People fall off their stools laughing when you say “traffic” and “Martha’s Vineyard” in the same sentence. Muwahahahaha, you think you’ve got traffic? You’re nuts.
Honey, I know traffic. I lived in D.C. for 11 years, commuting by bicycle for several of them. I’ve sucked the exhaust of rush-hour traffic creeping over Memorial Bridge. I’ve woven in and out of cars, trucks, and buses speeding downhill on 16th Street, N.W., trying to get to work on time. Helmet, me? Hah!
More recently I’ve done my time on Boston’s Southeast Distressway, looking down through the window on a Peter Pan bus, wondering if we’ll ever get to South Station. Wondering, too, what sitting in that kind of traffic day after day after day does to the human psyche, and glad that I live here and not there among those crazy people who don’t know they’re crazy. When someone on Martha’s Vineyard grouses about having to wait 15 minutes to get through an intersection, I snigger.

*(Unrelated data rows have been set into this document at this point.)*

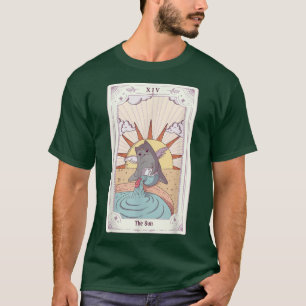 Celestial Mystical Witch Vibes Spirituele Moon Pha T-shirt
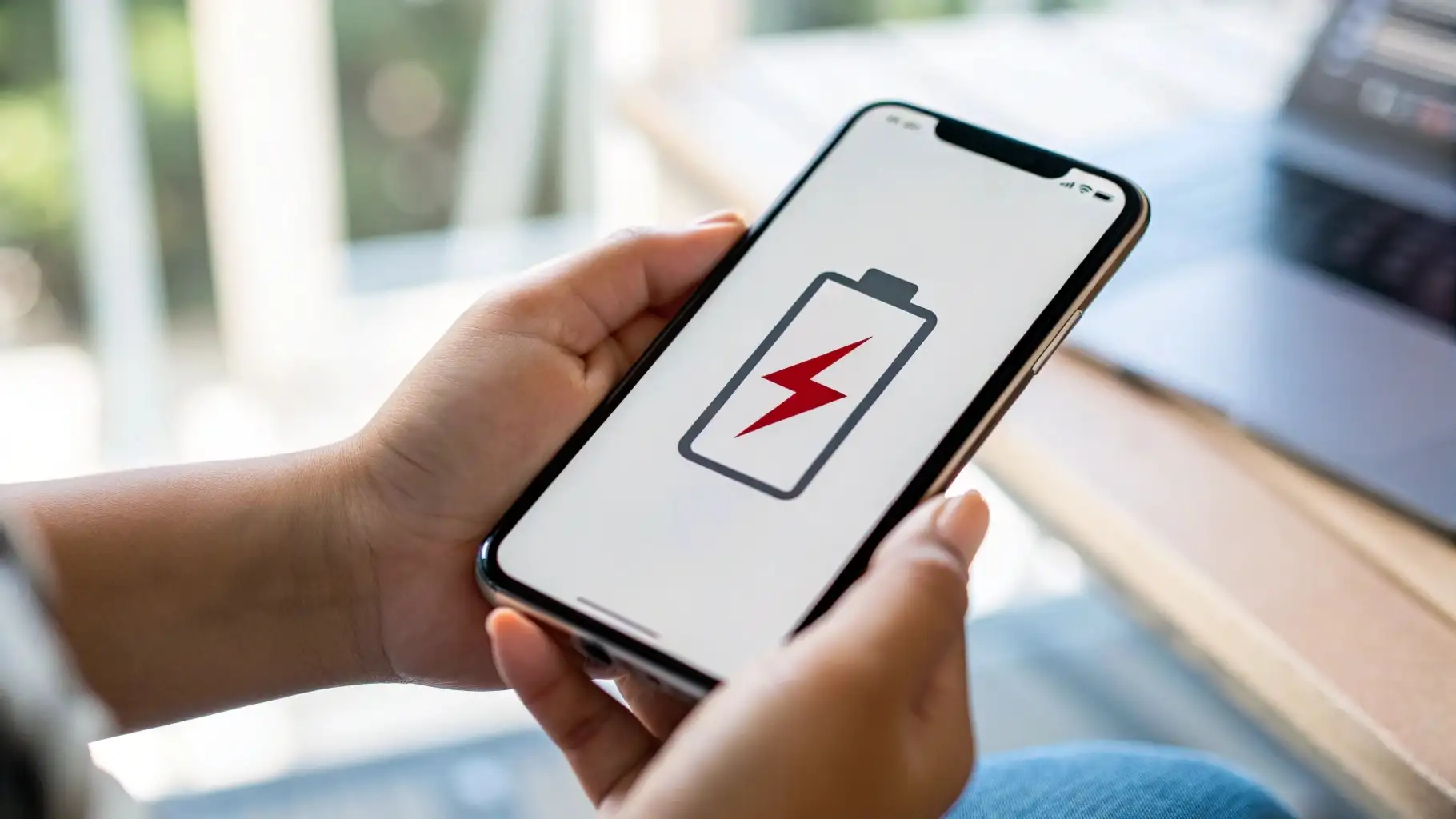 Kalkulator Harapan Hidup Baterai - Cara Hitung Usia Baterai 3 battery icon on a phone screen Kalkulator Harapan Hidup Baterai - Cara Hitung Usia Baterai 3 battery icon on a phone screen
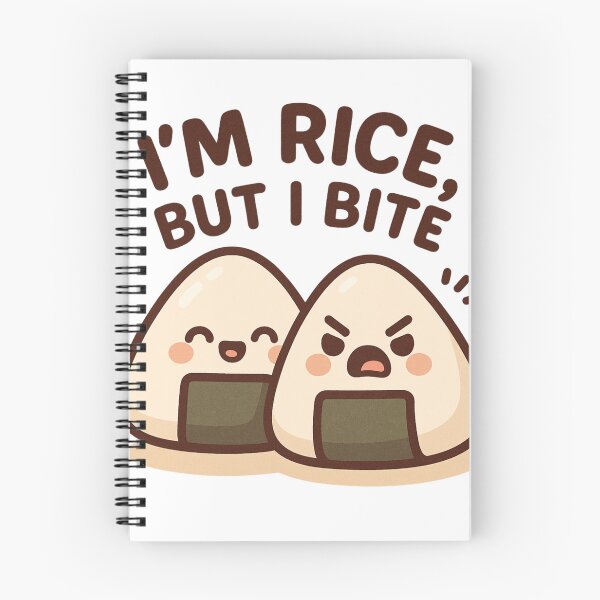 Item preview, Onigiri I'm rice but I BITE designed and sold by RuntyRAWR.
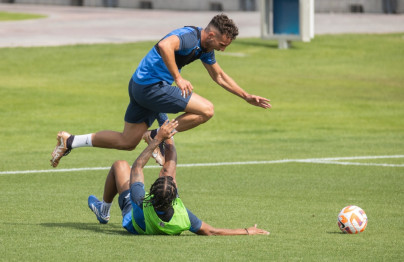 Зимние «Газпром» — тренировочные сборы в Катаре: 2 февраля, утренняя тренировка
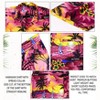LA LEELA Men's Hawaiian Shirts Short Sleeve Button Down Shirt Mens Summer Shirts Casual Beach Vacation Hawaii Island Shirts for Men Funny - 4 of 4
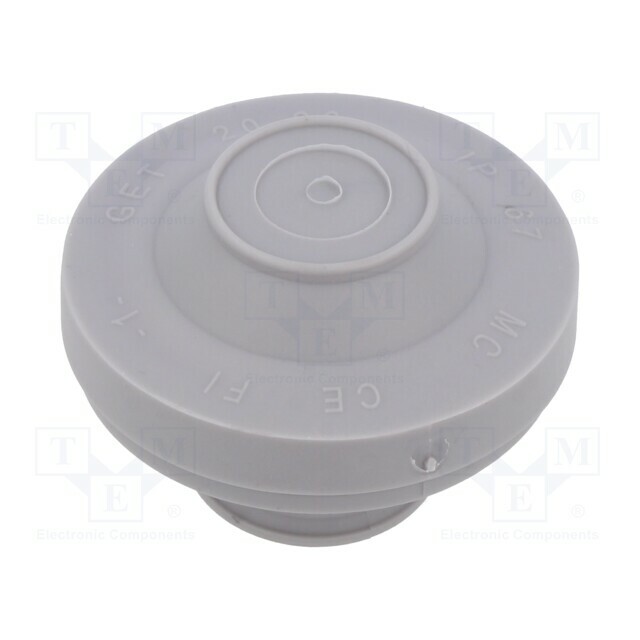 TRELLEBORG Grommet; elastomer thermoplastic TPE; grey
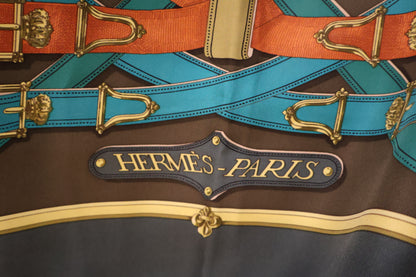 Hermès Brides de Gala Scarf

We don’t have traffic jams like that, but we do have traffic: motor and non-motor vehicles moving along roads of various sorts. City people don’t acknowledge that some of our roads are roads at all. Some of them are dirt, for one thing, and many of the tertiary roads are single lane. Until fairly recently, many roads didn’t have signs on them. Some of them didn’t even have names. Our directions to each other would go something like “Take the third dirt road on the right after the State Road intersection — there might still be a hubcap leaning against the tree. About half a mile in, take the right fork near the big boulder . . .” When we had to call 911, we had our map and lot numbers ready.
Yes, I can see how names and signs make it easier for emergency personnel to find their way to the home of someone having a heart attack — people in crisis tend to forget map and lot numbers, and many summer renters never knew them in the first place — but improved signage was a mixed blessing. Time was, if a newcomer wanted to know which was the upper end of Lambert’s Cove Road and which the lower, she had to either listen carefully or ask someone who’d been here longer. Now that anyone just off the boat can read it off a sign, there’s no reason to ask.
Off-islanders take certain aids to navigation for granted, like traffic lights. With no red lights and green lights telling us when to stop and go, we have to figure it out for ourselves. And we do. Island drivers are big on eye contact. Three drivers whose hoods are all pointing into the same intersection will negotiate and yield right-of-way with eye contact and a quick wave of the hand. If you’re waiting in a driveway or parking lot to get into a steady stream of traffic, you seek eye contact with passing motorists. Usually within a few seconds, someone will slow down and either wave or flash you in.
When two vehicles meet nose-to-nose on a single-lane road, someone’s got to give way. We’ve worked out rules of etiquette for that. Single-lane roads of any length have got lay-bys where one car can pull over to let another one pass. If you’re approaching a lay-by when you spot an oncoming car, you take it. When two vehicles meet between lay-bys, the one who’s closest to a lay-by backs up. One car yields to two, two to three: on some of the best-traveled dirt roads, in summer you do sometimes encounter two or three cars in a row. A car or truck with a trailer in tow shouldn’t have to back up. Ditto anyone with possibly impaired visibility, like four bicycles stacked against the rear window. If the lay-by is sandy or muddy, the vehicle with four-wheel drive yields to one without because it’s most likely to get safely back on the road.
This common-sense system works well most of the time, even in summer. For many years, though, I’ve been convinced that SUVs sold in New York, New Jersey, and Connecticut aren’t equipped with reverse. These people almost never back up. Perhaps drivers in those states don’t have to demonstrate competence in reverse in order to get their licenses? They don’t understand eye contact either. On occasion I’ve been nose-to-nose with an off-island SUV. It’s got a lay-by about 15 feet behind it. The nearest one to me is almost a quarter mile down the road. I wait, making polite but expectant eye contact. He doesn’t budge.
At this point I have two choices. (1) I can back up that quarter mile and graciously spare Mr. SUV the anxiety of backing up. Or (2) I can stare at the other driver till he gets the message: Want to get to where you’re going? It’s all up to you, bud.
I’ve sometimes exercised option #1, usually when there are screaming kids in the other car. Usually, though, I go for #2. I smile graciously at the other driver as I drive by.